Хорошо, что приятель Николая тихонько подсказал:

— Пиши: Григорий Поливода. А район — Згуровский.

Николай наугад ткнул пальцем в карту Украины, по которой пленных тоже иногда проверяли:

— Это Згуровка твоя? Так, Григорий Поливода?

— Так, так! — радостно закивал грузин.

Печенкин выписал ему аусвайс, а приятель, улучив момент, ободрил:

— Ты не бойся! Немцы не проверяют. Да и как им без нас разобраться, кто украинец, а кто нет?

За день, как и было предписано, Николай оформил ровно сто пятьдесят аусвайсов — всем, кто к нему подходил. Зарегистрировав пропуска в специальной книге, с заледеневшим сердцем понес их на подпись. Приготовился к самому худшему, положив аккуратную стопку перед визгливым комендантом. Но тот, приподняв голову от стола, только и спросил:

— Сто пятьдесят?

— Сто пятьдесят...

И еще три похожих дня сошли для Николая гладко. А на четвертый приятель встревожился:

— Может быть, среди переводчиков нашелся предатель или сами пленные проболтались, но фельдфебель, по-моему, что-то заподозрил... Надо бежать!

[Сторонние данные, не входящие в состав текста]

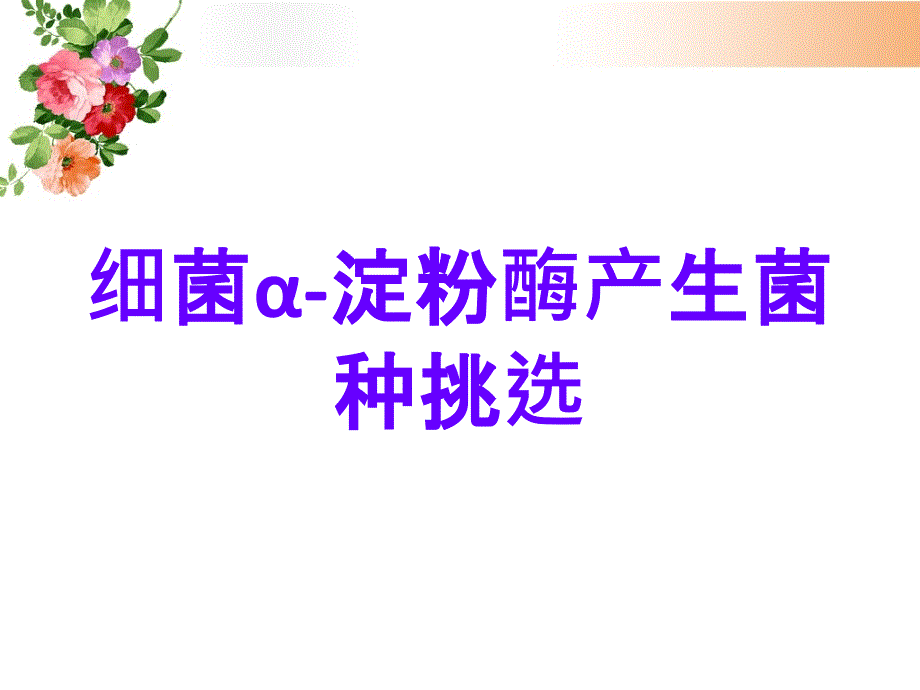 细菌淀粉酶产生菌种筛选ppt课件_第1页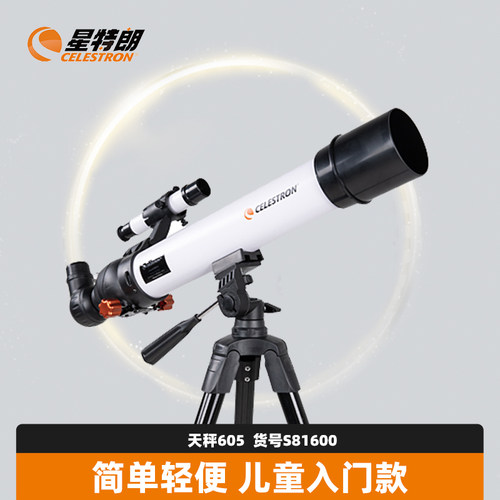 天秤605入门级天文望远镜新手折射式天文望远镜高清户外S81600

В тот же день друзья оформили по лишнему отпускному свидетельству: Николай — для приятеля, а тот — для него, но в книге регистрации их не провели в надежде, что комендант, как и всегда, пересчитывать бланки не станет. И наутро в толпе отпущенных пленных Николай благополучно вышел за ворота лагеря.

Но перед тем была у Печенкина совершенно бессонная ночь. Аусвайс попросил он приятеля выписать ему на Черниговщину, в село, привлекательное даже по названию, — в Щастновку. Дело, разумеется, было не в названии. На всей Украине не знал Николай местечка, где могли бы его приютить. А под Щастновкой, на хуторе Майповка, в общежитии сельхозтехникума, он пробыл целую неделю, когда, покинув Бровары, их курсы начали длинное странствие с места на место. И там, в Щастновке, был Николай как-то под вечер остановлен удивленным возгласом какой-то дивчины, достававшей из колодца воду:

— Побачьте, який малый, а командир!

Николай подошел, разговорился с девушкой, а она, шестнадцатилетняя Надюша Будник, узнав, что Николай еще и баянист, пригласила его поиграть в дом своей тети. И что там было особенного в те короткие часы, чтобы остались в душе и дом учительницы Евгении Сергеевны Потапенко, и тот добрый вечер? Кажется, ничего... Посидели, поговорили, немного попели и распрощались. Только и удивила красота хозяйки: с нее, оказалось, писали портреты киевские художники.

В этом добром доме Печенкин не сомневался. Но как уйти из лагеря, чтобы оторваться от возможной погони? Уже через час, с началом работы, фашисты узнают о бегстве двух переводчиков...

У друга был обдуман свой план, он рассчитывал переждать опасность в самом Бердичеве. Николай же твердо настроился на Щастновку. Но далеко ли уйдешь за час? Надежда оставалась одна — выйти к большаку и попытаться сесть на первую попутную машину. Она, конечно, может быть только немецкой. Но ведь и документ о том, что следует домой, ему подписали немцы!

На большаке он решился поднять руку даже перед легковой машиной с тремя фашистскими офицерами. Маленький, в старой шинели до пят, в нелепой, замызганной фуражке, Николай был, конечно, для немцев смешон, и они, притормозив, дружно расхохотались. Это в первый момент Николая и выручило. А потом уже и то, что на вопрос на ломаном русском языке, куда же столь «доблестный воин» держит путь, Николай без единой запинки отчеканил по-немецки, что благодаря великодушию фюрера-освободителя отпущен из плена. И даже показал офицерам отпускной аусвайс от 24 октября 1941 года...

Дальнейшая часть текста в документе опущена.